Una nueva técnica de rayos X para detectar explosivos también podría identificar tumores

Si bien la aplicación más obvia sería escanear en busca de bombas y otros elementos y sustancias peligrosas en los aeropuertos, los hallazgos, descritos en Comunicaciones de la naturaleza hoy en día, también podría ayudar a detectar grietas y óxido en edificios y, finalmente, identificar tumores en etapa temprana.

Un equipo de investigadores de la UCL escondió pequeñas cantidades de explosivos, incluidos Semtex y C4, dentro de artículos eléctricos, como computadoras portátiles, secadores de pelo y teléfonos móviles. Los artículos se colocaron dentro de bolsas con cepillos de dientes, cargadores, paracetamol y otros objetos cotidianos para replicar de cerca la bolsa de un viajero.

Mientras que las máquinas de rayos X estándar inciden sobre los objetos con un campo uniforme de rayos X, el equipo escaneó las bolsas con un escáner de seguridad de rayos X hecho a medida que contenía máscaras: láminas de metal con agujeros perforados que separan los haces en un conjunto de haces más pequeños.

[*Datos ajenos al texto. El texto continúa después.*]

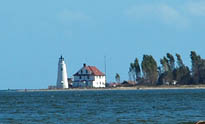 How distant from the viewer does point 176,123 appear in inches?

A medida que los haces pasaban a través de la bolsa y su contenido, se dispersaban en ángulos tan pequeños como un microrradián (alrededor de 20 000 veces más pequeños que un grado). La dispersión fue analizada por una IA capacitada para reconocer la textura de materiales específicos en función de un patrón particular. de cambios de ángulo.

La IA es excepcionalmente buena para captar las texturas de estos materiales, incluso cuando están ocultos dentro de otros objetos, dice el autor principal Sandro Olivo, de UCL Medical Physics & Biomedical Engineering. “Incluso si ocultamos una pequeña cantidad de explosivo en algún lugar, porque habrá un poco de textura en medio de muchas otras cosas, el algoritmo lo encontrará”.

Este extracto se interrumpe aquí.